# Work to be completed
Using the records below, copy exactly the part that opens with the line holding "Vega Natural Stain" and closes with the line holding "Serrationen Ofenhandschuh &", minus the pictures.

# Given records
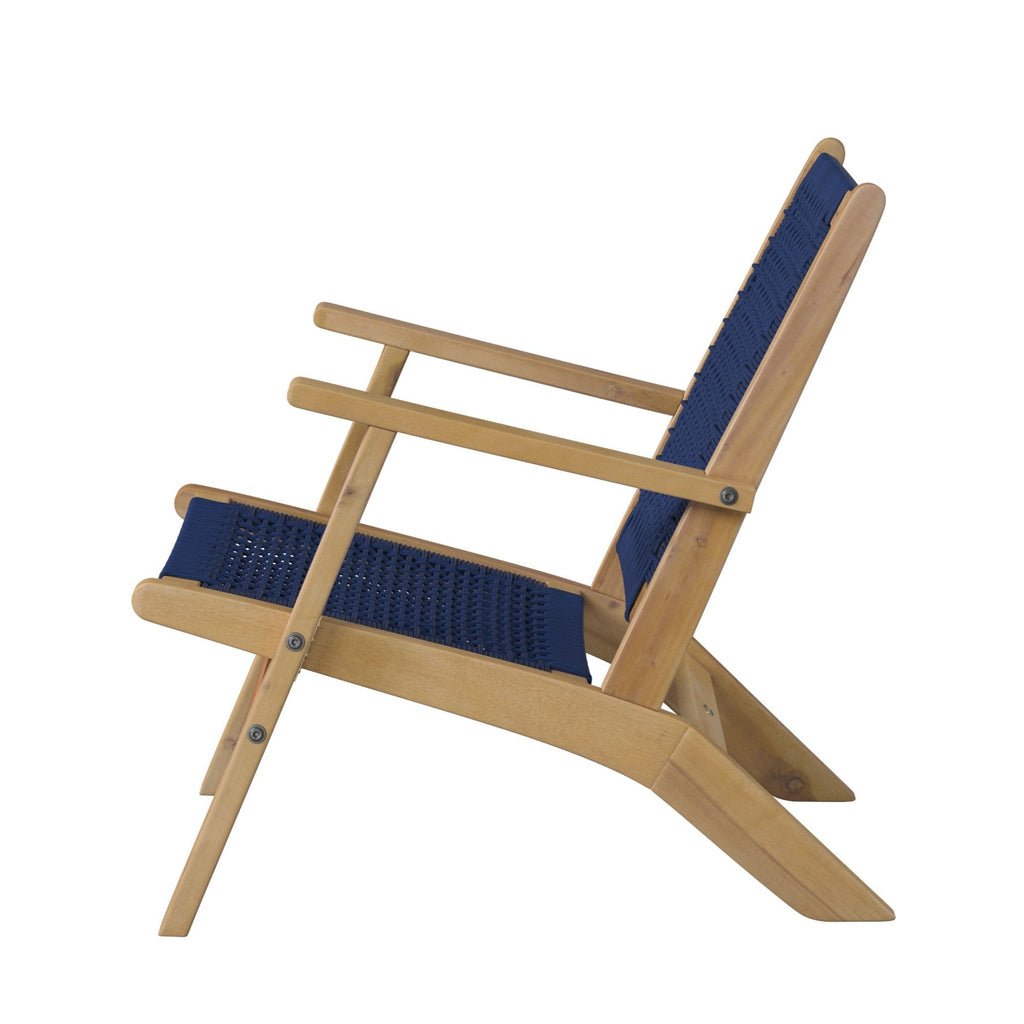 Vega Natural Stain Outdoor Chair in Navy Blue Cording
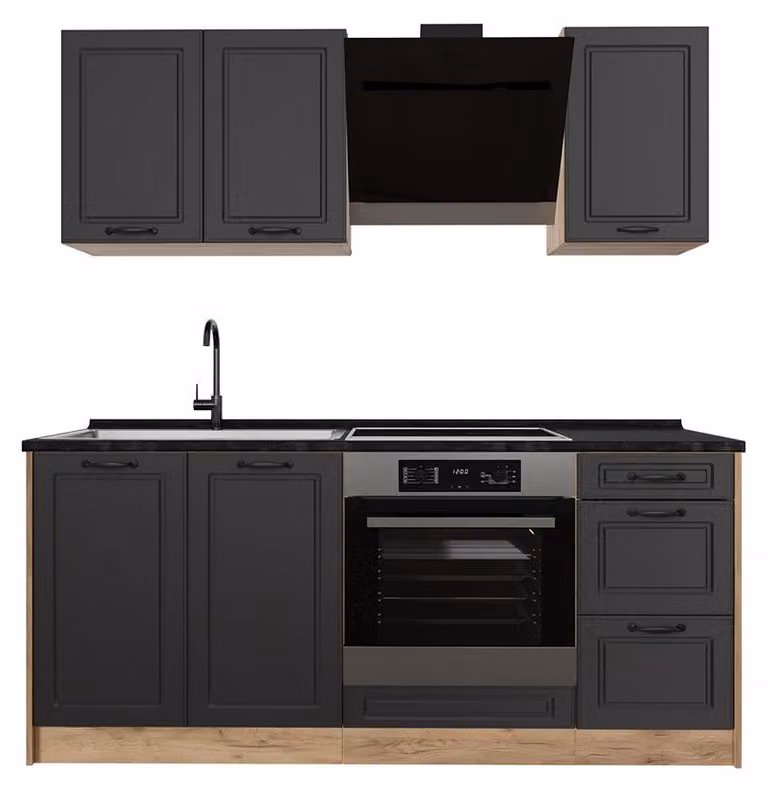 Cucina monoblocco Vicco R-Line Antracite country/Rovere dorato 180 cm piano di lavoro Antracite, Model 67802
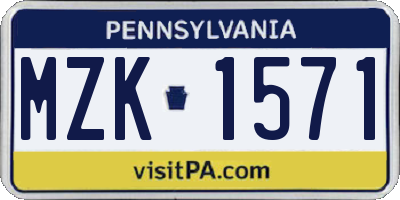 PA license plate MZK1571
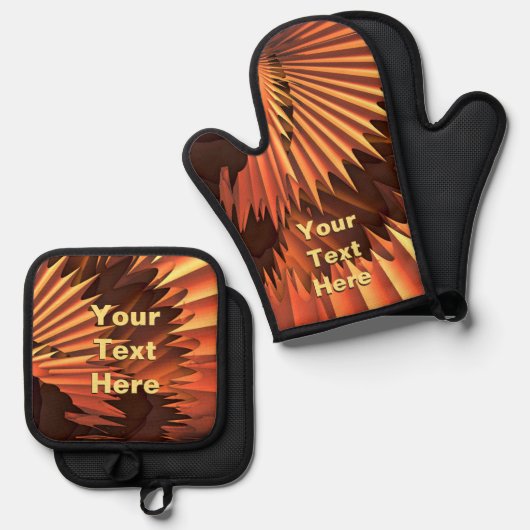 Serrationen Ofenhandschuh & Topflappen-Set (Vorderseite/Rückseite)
==
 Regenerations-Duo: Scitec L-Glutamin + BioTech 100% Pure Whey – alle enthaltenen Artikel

# Completed exercise
 Vega Natural Stain Outdoor Chair in Navy Blue Cording
 Cucina monoblocco Vicco R-Line Antracite country/Rovere dorato 180 cm piano di lavoro Antracite, Model 67802
 PA license plate MZK1571
 Serrationen Ofenhandschuh & Topflappen-Set (Vorderseite/Rückseite)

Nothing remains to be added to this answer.